Emmanuel Pahud is also a dedicated chamber musician and has recently made international appearances throughout Europe, North America and Japan in recital with pianists Éric Le Sage, Stephen Kovacevich, Yefim Bronfman and Hélène Grimaud, as well as in a flute and string quartet formation with Christoph Poppen (violin), Hariolf Schichtig (viola) and Jean-Guihen Queyras (cello) with whom he recorded his 1999 record Mozart Flute Quartets. In 1993, he co-founded Le festival de l'Empéri in Salon-de-Provence, France, along with his regular chamber music partners pianist Éric Le Sage (close friend and confidant) and Paul Meyer (clarinetist). Pahud has made several recordings and performed internationally with pianist Éric Le Sage throughout his career. In 2008 he performed for the first time at the Jerusalem International Chamber Music Festival, where he played in the world premier of Elliot Carter's Flute Concerto, conducted by Daniel Barenboim. He returned to the Festival on 2009 to play in a series of concerts. Highlights of the coming season include a Japanese tour with Les Vents Français, a European recital tour with Hélène Grimaud and recitals in the USA with Yefim Bronfman. He has been chosen as 'Artiste Étoile' for the 2006 Lucerne Festival.

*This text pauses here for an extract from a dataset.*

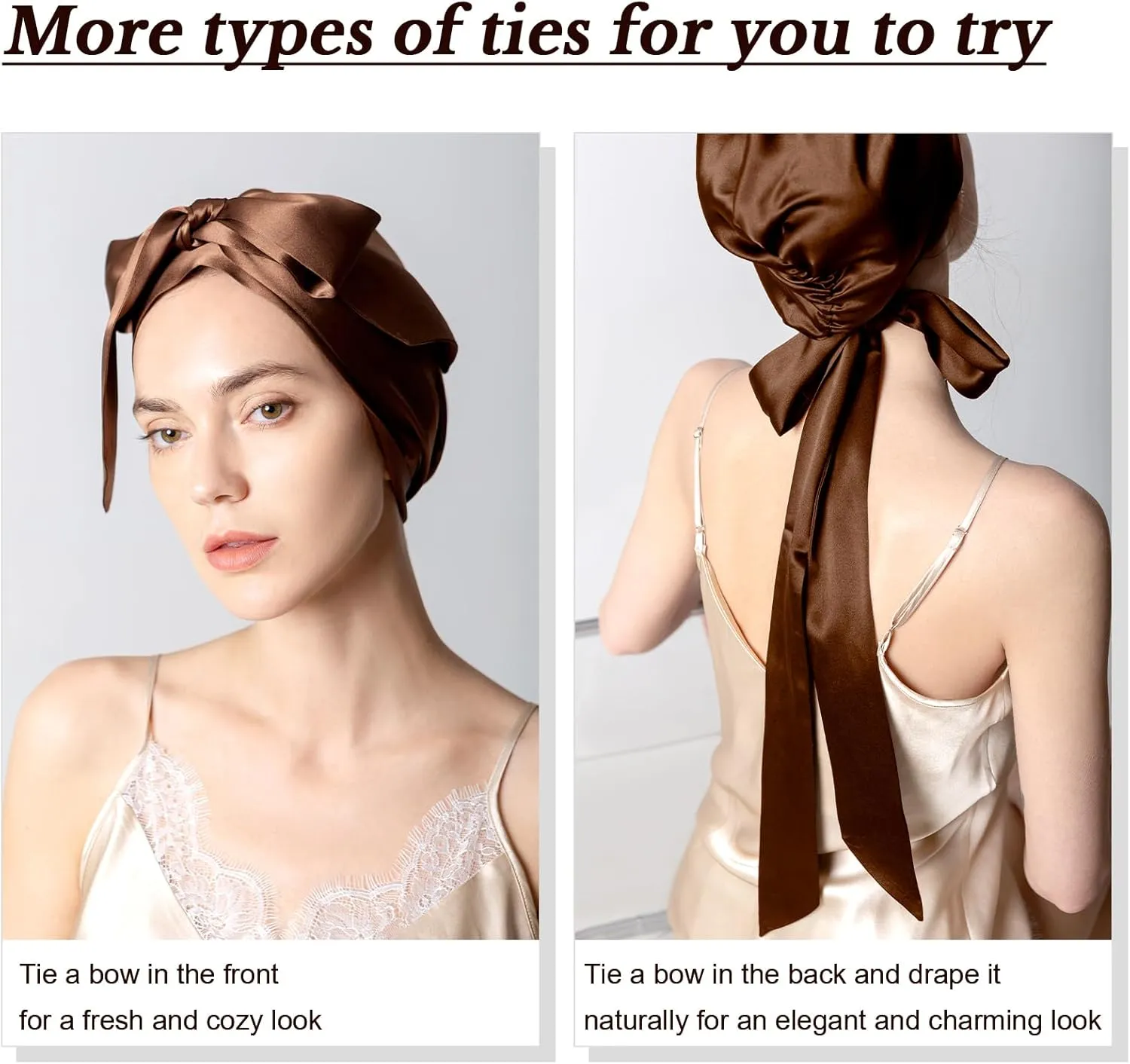100% Mulberry Silk Sleep Cap for Women, Pure Mulberry Hair Bonnet, Anti-Frizz Head Wrap with Elastic Stay On Head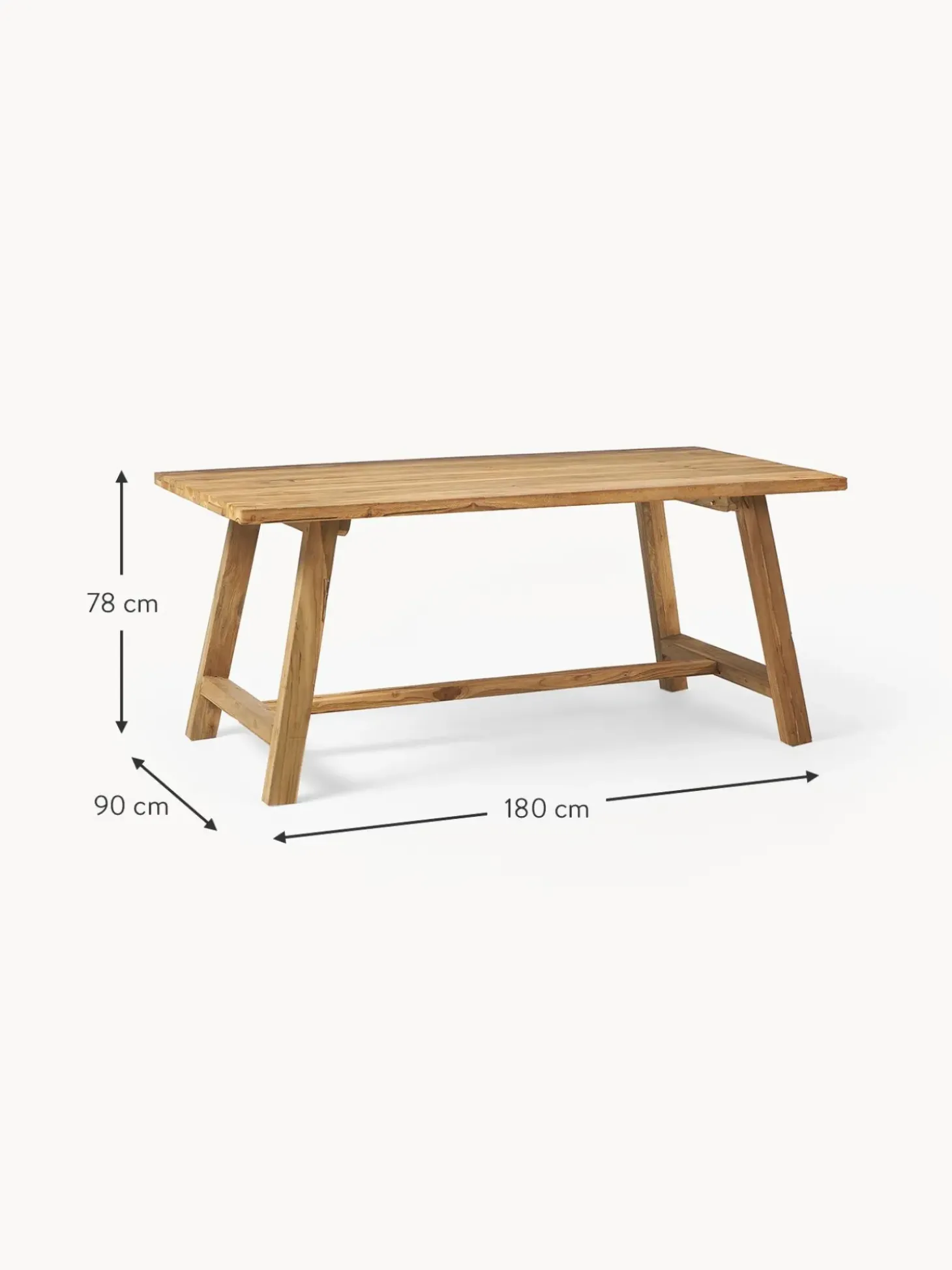 Mesa De Comedor De Madera De Teca Lawas, Tamanos Diferentes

Emmanuel Pahud describes his versatility over the years in music, as transforming himself into a chameleon who tries to match the colour of the music, or the idea he has of it, to what the composer had in mind. But his discography and career has also been built on encounters; both professionally and human relationships. Pahud seems himself as a performer/actor rather than a composer/creator. For the Dalbavie Record (2008) Pahud dedicated himself to commissioning new works and to start new flute concertos; performing them for the first time on stage. Three composers were selected: Marc-André Dalbavie (French), Michael Jarrell (Swiss), and Matthias Pintscher (German) reflecting Pahud as a French and Swiss citizen living in Germany for over 15 years. Whilst working with German Composer, Matthias Pintscher; Pahud sought to explore a new level and style of playing the flute. In March 2008 Pahud performed the World Première of another work commissioned by Frank Michael Beyer, who composed Meridian, a Concerto for Flute & String Ensemble. Other World Premières include music composed by Elliot Carter: Concerto for Flute & Ensemble, which Pahud premiered in September 2008 in Jerusalem. It was joint commissioned by the Berliner Philharmoniker, Jerusalem International Chamber Music Festival and Boston Symphony Orchestra. Pahud will World Première the Flute Concerto by Luca Lombardi in 2010, commissioned by the Kansas City Symphony.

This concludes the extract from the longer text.